NSWCCL is gravely concerned by a recent Report1 from the Commonwealth Ombudsman, which identified that many of the authorisations made by ACT Policing for access to telecommunications data between 13 October 2015 and 2019 were not properly authorised. Of the 1,713 individual accesses to location-based services (LBS) by ACT Policing for that period, only nine were fully compliant with the Telecommunications (Interception and Access) Act 1979 (TIA Act).
The Report also found that many LBS could have been accessed unlawfully. If the information was relied on in prosecutions, this would have consequences for people convicted of an offence. The privacy of individuals may also have been breached.
The Ombudsman could not be satisfied that the scope of the breaches had been fully identified by the AFP nor that AFP and ACT Policing took opportunities to identify and address the breaches.
“The internal procedures at ACT Policing and a cavalier approach to exercising the powers resulted in a culture that did not promote compliance with the TIA Act. This contributed to the non-compliance identified in this report.2”
The report found that the AFP needs to do more to confirm the extent of non-compliance with the legislation and remediate any consequences of non-compliance with the TIA Act identified in the report.
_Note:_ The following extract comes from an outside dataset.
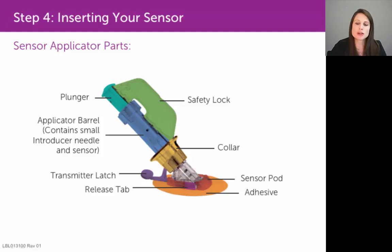At that point, you do want to insert the transmitter into your sensor pod, and you'll do that with that purple transmitter latch on the back. You want to make sure that you pick a good spot to place your sensor. If you're an adult patient over the age of 18, you can place a sensor on your abdomen.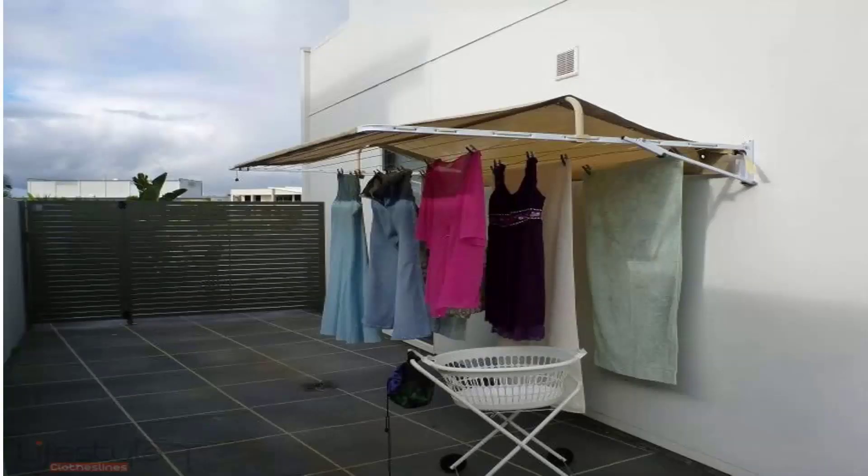You can also get covers for fold-down or wall-mounted clotheslines. These protect your clothes from winter rain or wet weather during the summer or winter months. They also help extend the life of your clothes by blocking harsh UV rays that would otherwise bleach your clothes, so you get extra wear out of them because they're not out in the sun all day getting bleached.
Eight recommendations were made, including for compliance-focused guidance and procedures and consequences for officers who demonstrate continued non-compliance with legislative requirements.
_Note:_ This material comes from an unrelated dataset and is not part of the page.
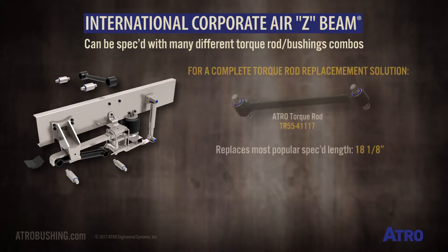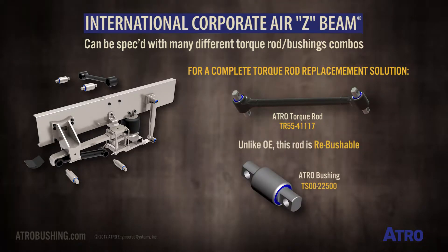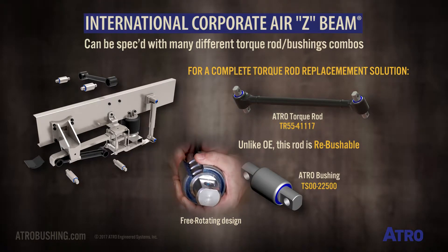Atro's torque rod TR554117 replaces the most popular specced length: 18 1/8 inches. Unlike the OE rod, this robust small i-rod is rebushable, featuring Atro's TS0022500 free rotating bushings.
NSWCCL agrees with the Ombudsman’s observations that to maintain public trust these tools need to be properly deployed, in accordance with the legislation which governs their use. Given the Federal Government’s increased desire to introduce sweeping anti-terrorist laws, such as the identify and disrupt laws, NSWCCL has no confidence that the government can oversee or implement safeguards put in place to protect the rights of its citizens.